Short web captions
■ ■ ■ ■ ■

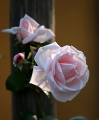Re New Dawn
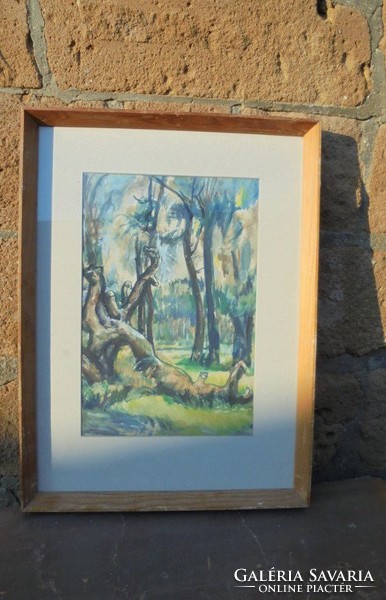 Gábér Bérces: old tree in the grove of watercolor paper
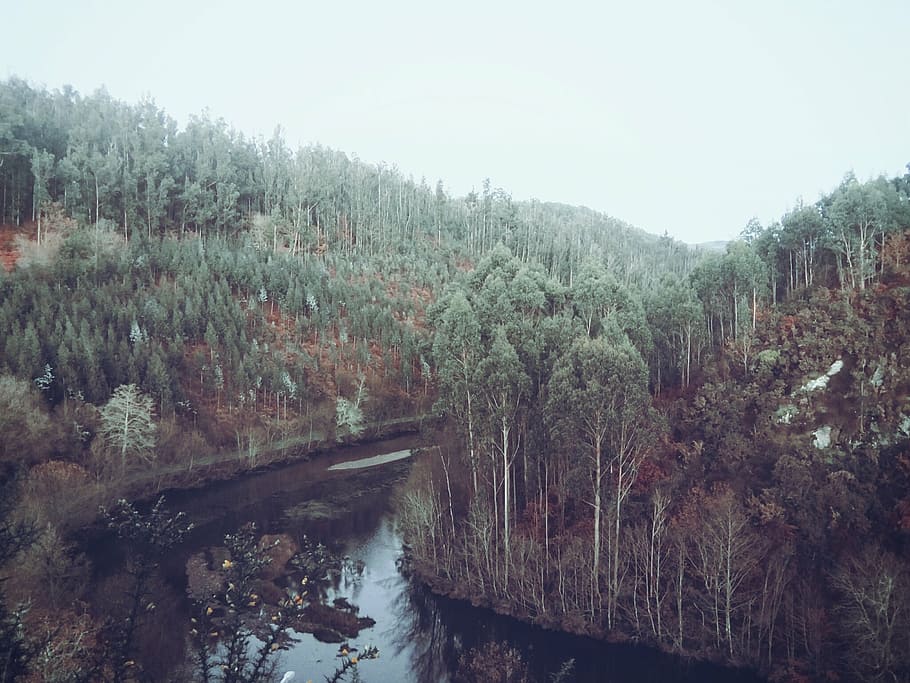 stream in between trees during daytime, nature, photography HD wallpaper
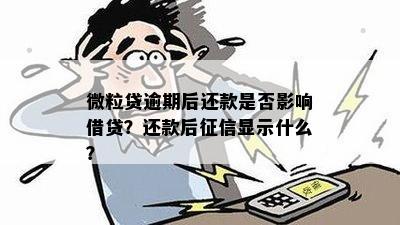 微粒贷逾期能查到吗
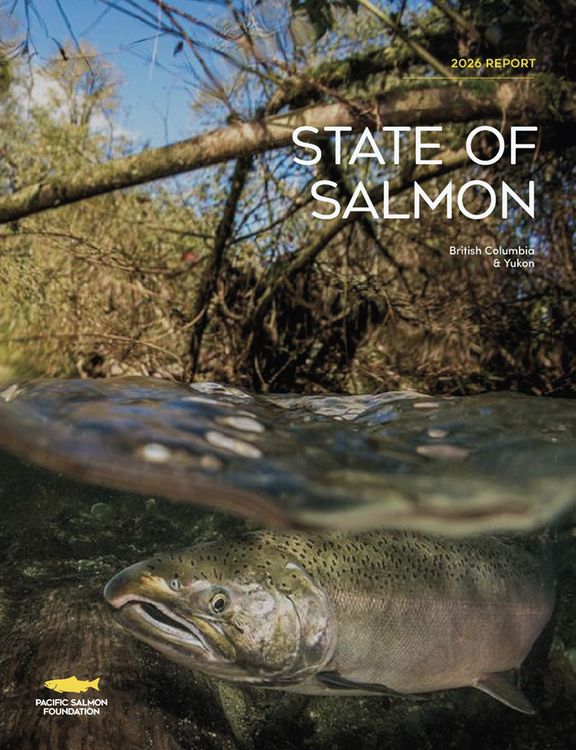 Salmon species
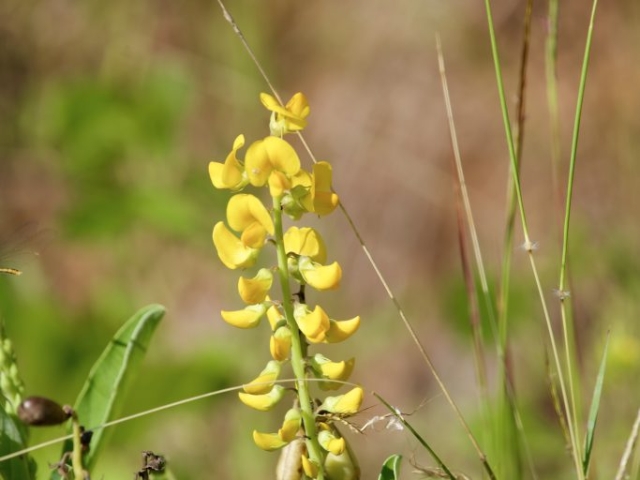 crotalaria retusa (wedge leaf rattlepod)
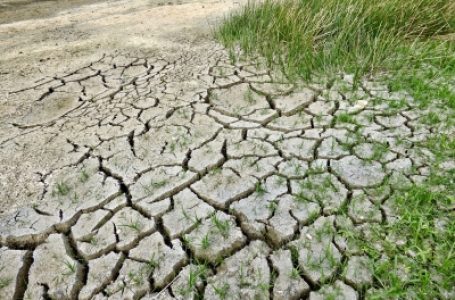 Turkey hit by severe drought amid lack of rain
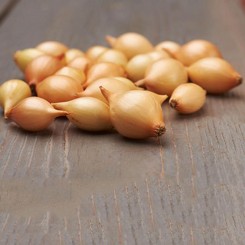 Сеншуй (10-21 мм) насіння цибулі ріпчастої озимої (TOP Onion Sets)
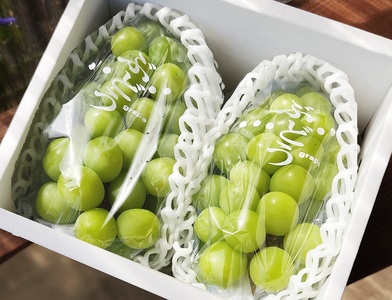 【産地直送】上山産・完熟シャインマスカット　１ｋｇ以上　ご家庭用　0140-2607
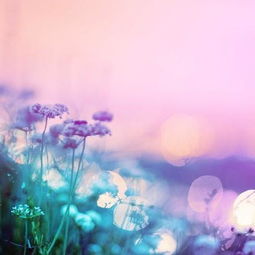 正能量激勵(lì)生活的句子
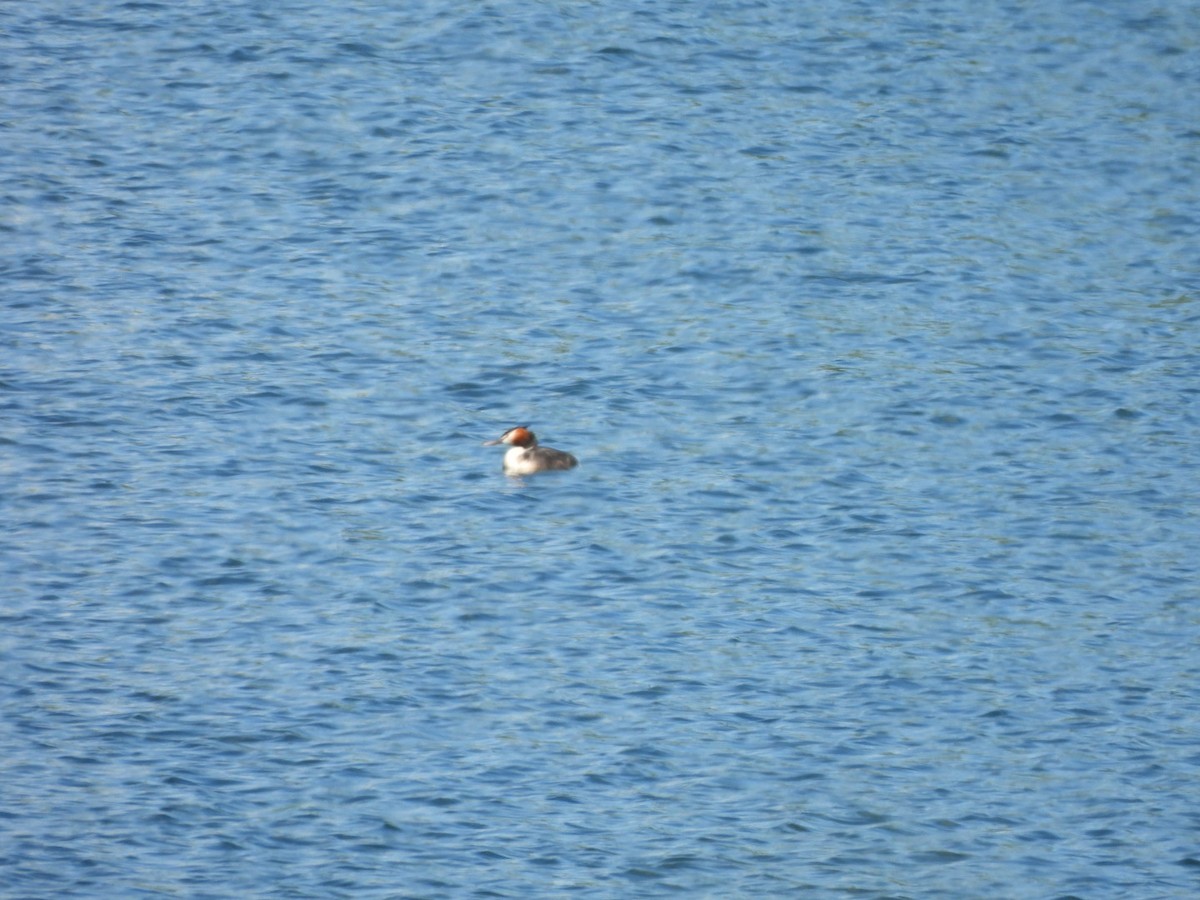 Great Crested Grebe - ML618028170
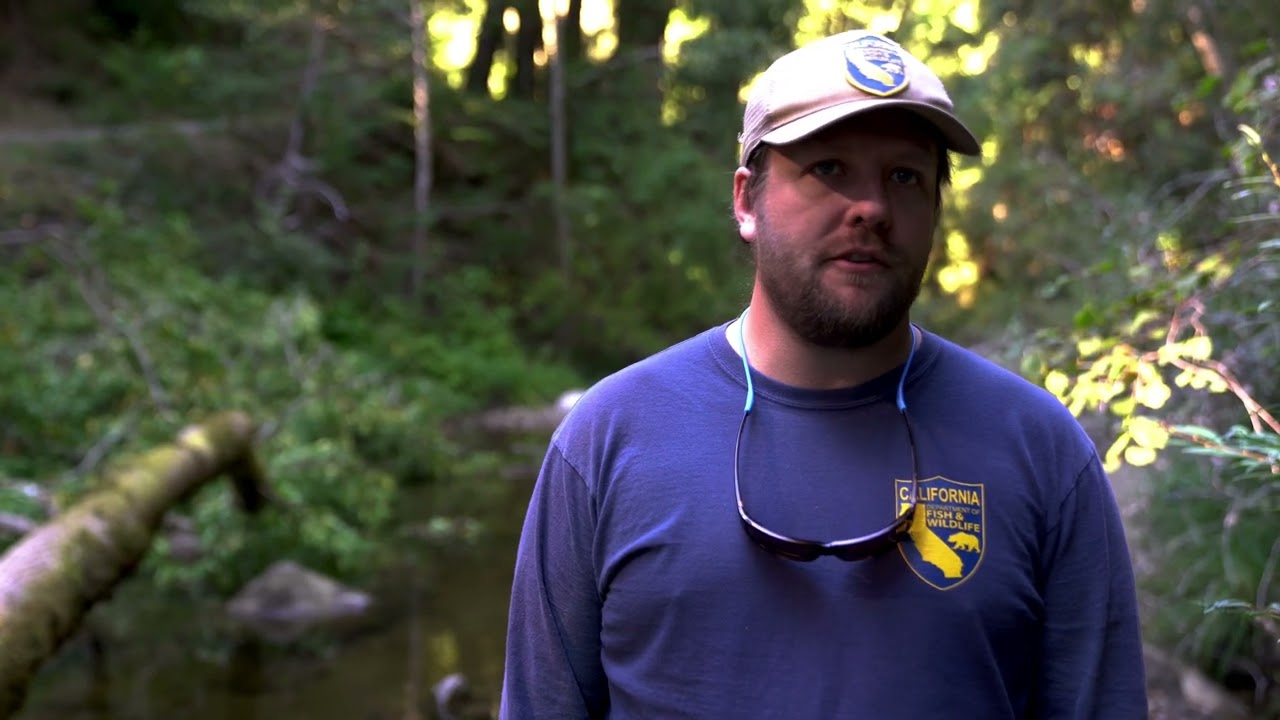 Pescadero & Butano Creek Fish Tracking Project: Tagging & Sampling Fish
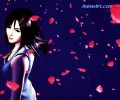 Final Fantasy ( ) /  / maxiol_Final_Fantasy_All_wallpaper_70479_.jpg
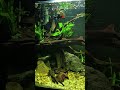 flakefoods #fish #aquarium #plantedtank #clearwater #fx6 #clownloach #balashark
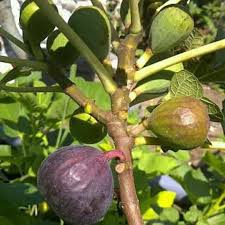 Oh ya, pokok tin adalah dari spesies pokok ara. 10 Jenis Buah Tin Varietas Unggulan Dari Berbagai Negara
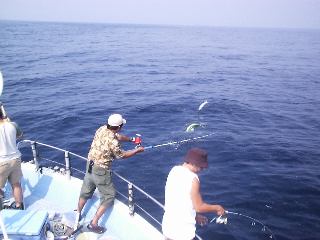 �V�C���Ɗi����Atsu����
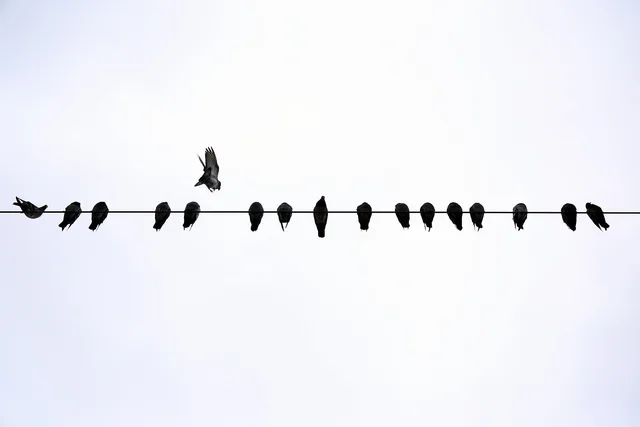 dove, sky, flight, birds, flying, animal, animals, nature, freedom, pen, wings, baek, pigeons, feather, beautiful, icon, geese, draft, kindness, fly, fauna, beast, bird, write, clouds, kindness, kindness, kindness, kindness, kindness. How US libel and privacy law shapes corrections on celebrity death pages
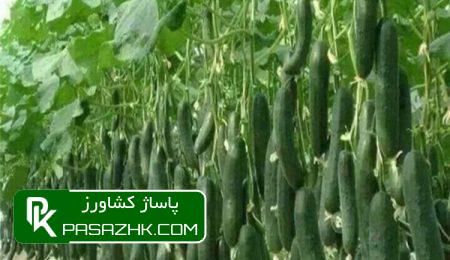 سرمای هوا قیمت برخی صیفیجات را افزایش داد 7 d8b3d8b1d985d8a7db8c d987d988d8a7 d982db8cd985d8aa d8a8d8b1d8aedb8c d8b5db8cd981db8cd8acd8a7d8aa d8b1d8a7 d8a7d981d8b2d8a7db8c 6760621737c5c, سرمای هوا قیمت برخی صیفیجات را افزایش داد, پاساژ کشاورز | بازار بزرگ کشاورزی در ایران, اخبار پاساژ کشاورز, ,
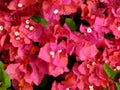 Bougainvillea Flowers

■ ■ ■ ■ ■

• [What this task involves]:
Retype, word for word, the line containing "crotalaria retusa (wedge leaf rattlepod)" and each line after it through the end of the data, leaving any picture out.

• [Final answer]:
 crotalaria retusa (wedge leaf rattlepod)
 Turkey hit by severe drought amid lack of rain
 Сеншуй (10-21 мм) насіння цибулі ріпчастої озимої (TOP Onion Sets)
 【産地直送】上山産・完熟シャインマスカット　１ｋｇ以上　ご家庭用　0140-2607
 正能量激勵(lì)生活的句子
 Great Crested Grebe - ML618028170
 Pescadero & Butano Creek Fish Tracking Project: Tagging & Sampling Fish
 Final Fantasy ( ) /  / maxiol_Final_Fantasy_All_wallpaper_70479_.jpg
 flakefoods #fish #aquarium #plantedtank #clearwater #fx6 #clownloach #balashark
 Oh ya, pokok tin adalah dari spesies pokok ara. 10 Jenis Buah Tin Varietas Unggulan Dari Berbagai Negara
 �V�C���Ɗi����Atsu����
 dove, sky, flight, birds, flying, animal, animals, nature, freedom, pen, wings, baek, pigeons, feather, beautiful, icon, geese, draft, kindness, fly, fauna, beast, bird, write, clouds, kindness, kindness, kindness, kindness, kindness. How US libel and privacy law shapes corrections on celebrity death pages
 سرمای هوا قیمت برخی صیفیجات را افزایش داد 7 d8b3d8b1d985d8a7db8c d987d988d8a7 d982db8cd985d8aa d8a8d8b1d8aedb8c d8b5db8cd981db8cd8acd8a7d8aa d8b1d8a7 d8a7d981d8b2d8a7db8c 6760621737c5c, سرمای هوا قیمت برخی صیفیجات را افزایش داد, پاساژ کشاورز | بازار بزرگ کشاورزی در ایران, اخبار پاساژ کشاورز, ,
 Bougainvillea Flowers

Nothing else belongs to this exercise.